“You would not prefer the convent?”

“Oh, Monsieur, not—not the convent!” she exclaimed, with all the trouble returning. Her grey eyes dilated, she put out her hands imploringly.

“No one will force you,” said M. Deshoulières, in a kind, reassuring voice, but he did not understand this sudden terror. Looking upon it as a natural retreat for unmarried girls, he had thought it not unlikely she might herself suggest it. He was sorry that she shrank from it, and it surprised him a little. Nevertheless, had she but known it, she was quite safe from any attempt to thwart her inclinations; but she did not know it. Her early experience of her uncle’s unrelenting will led her to expect everywhere the same harshness, the same determination. What M. Deshoulières had once suggested he might at any time attempt to oblige her to follow out; and to be buried in a convent, to lose all hope of seeing Fabien, of hearing a word here, a word there, a rumour of his whereabouts—to lose this was to twenty-year old Thérèse like losing life itself. She would have preferred any hardship to this prospect, which had hung over her while her uncle lived, and was, probably, only prevented from taking shape by a certain half-contemptuous indulgence of his wife’s wishes, and after her death by a softening consciousness of his own failing health. Now it surged up before her again; M. Deshoulières’ words could not calm her fears.

“Only let me stay here,” she entreated.

He looked at her a little keenly. It was something new to have any one dependent upon him, half pleasant, half puzzling—then he thought of his patients and jumped up.

“That is soon settled, mademoiselle; I will speak to Madame Roulleau, and then you can arrange things as you please. Pardon me now, for my time is not my own.”

There were no difficulties with the Roulleaus; M. Deshoulières went away from the house rather pleased with his own management. Thérèse was provided for, for the present; he had satisfied himself upon one or two points, had learned also that she did not care for Fabien. Poor stupid, blind Max!

Monsieur and Mme. Roulleau lost no time in going to Thérèse when once the doctor had quitted the house; madame led the way of course, but she was a little changed to Thérèse, as the latter saw at once. Hitherto she had been almost cringing in her manner, now she had the air of one who permits herself to be persuaded against her better judgment. She was a woman of about fifty, with a sharp, puckered face, a nose pinched and slightly hooked, a long upper lip, black hair strained tightly backwards, and hands which were long, lean, covetous-looking. Some people’s hands take you into their owner’s secrets, before their faces have let out any thing. Mme. Roulleau’s were of this kind. You might notice a stretching, a little involuntary curve of the fingers’ ends, as if they longed to be grasping something. It struck Thérèse again as she stood before her in the middle of the room in a kind of linen jacket, drawn in round the waist, and the girl hardly understood at first that M. Roulleau was speaking, she could not help watching madame’s hands with a sort of fascination. M. Roulleau coughed and spoke a little louder.
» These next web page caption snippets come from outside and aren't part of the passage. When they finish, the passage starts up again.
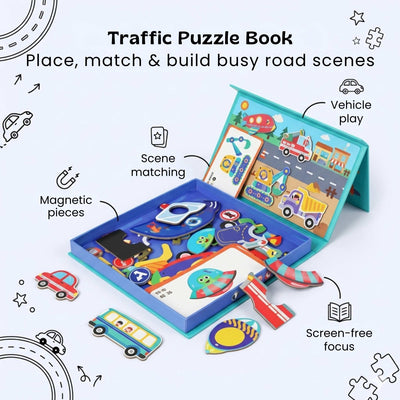 nylyCas™ MixFace Magnetic Story Puzzle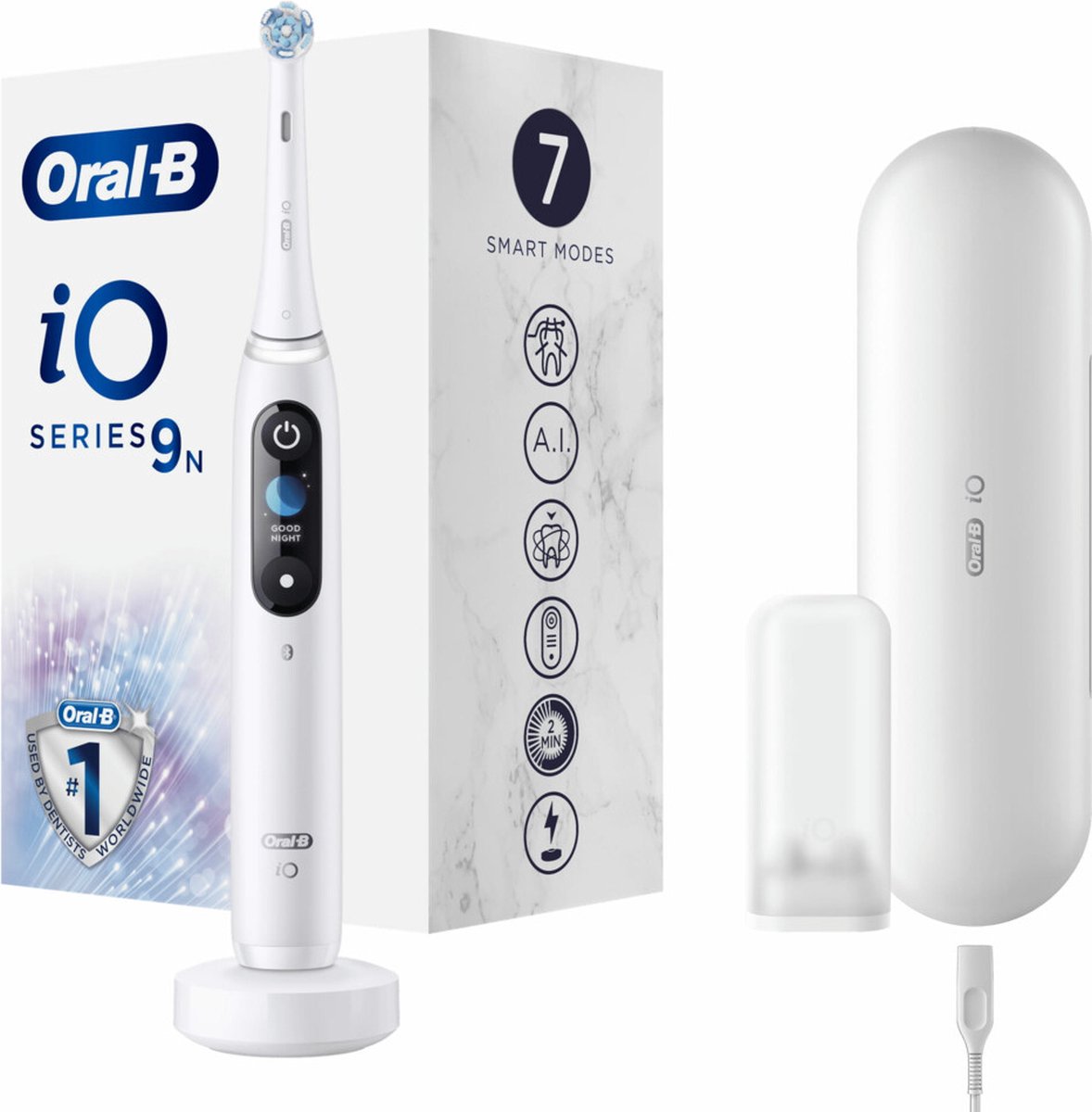 Oral-B iO 9n - Elektrische Tandenborstel - Wit | bol.com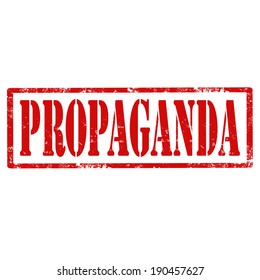 Grunge rubber stamp with text Propaganda,vector illustration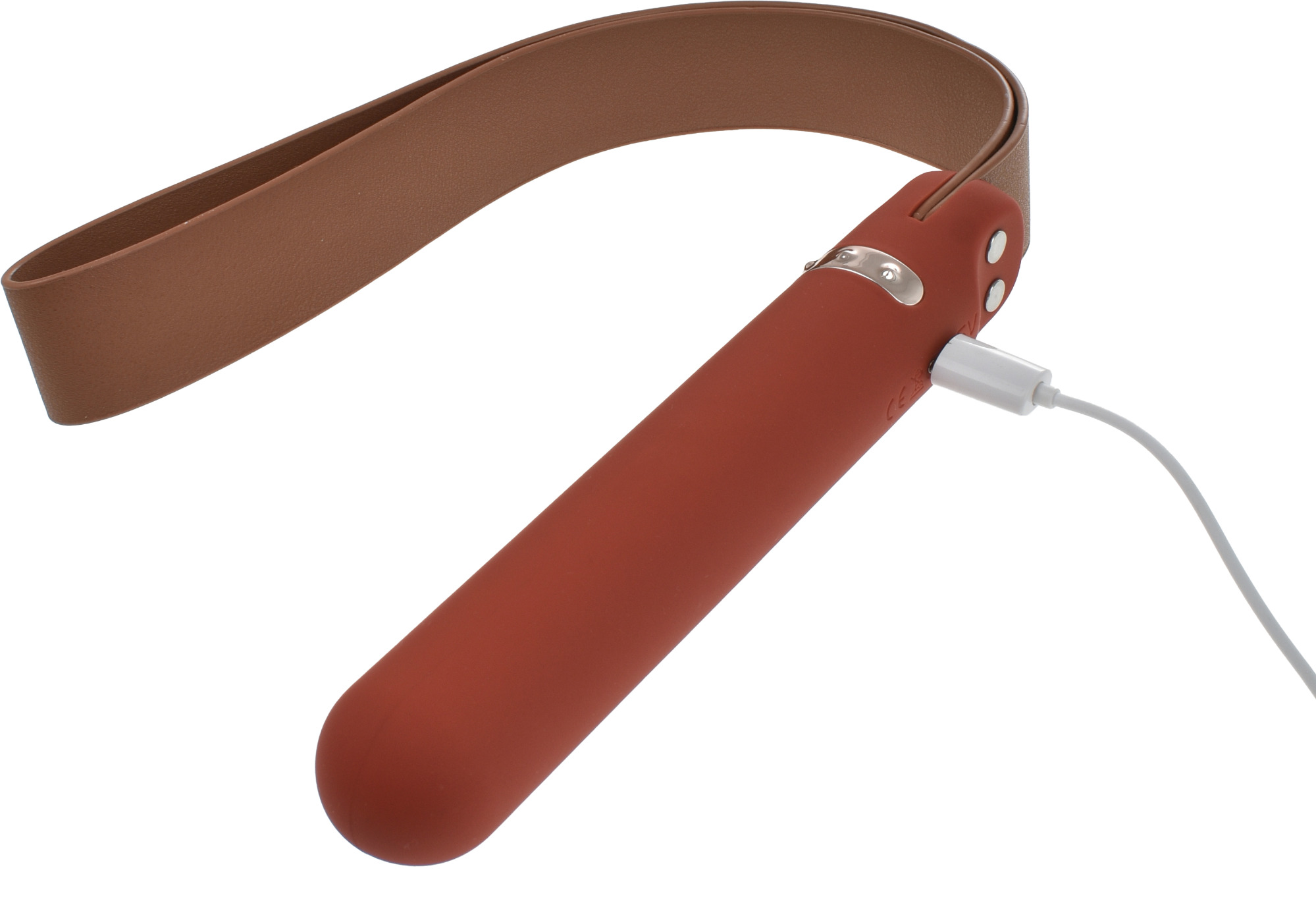 Vibrator&Cravasa Rizey 9 Moduri Vibratii Silicon Maro USB Passion Labs, #5, Erotic24.ro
“Our excellent friend, Monsieur Deshoulières, has made a proposal, mademoiselle, I had the pleasure to observe, which would relieve him, he says, from an embarrassment. Without doubt he has confided it to you. Now, madame and I could receive no pleasure so profound, so grateful to our hearts,” continued the little man, becoming suddenly enthusiastic, “as that we should experience by assisting our excellent doctor to the very extent of our means; but—”

“This is impossible,” said madame, sharply.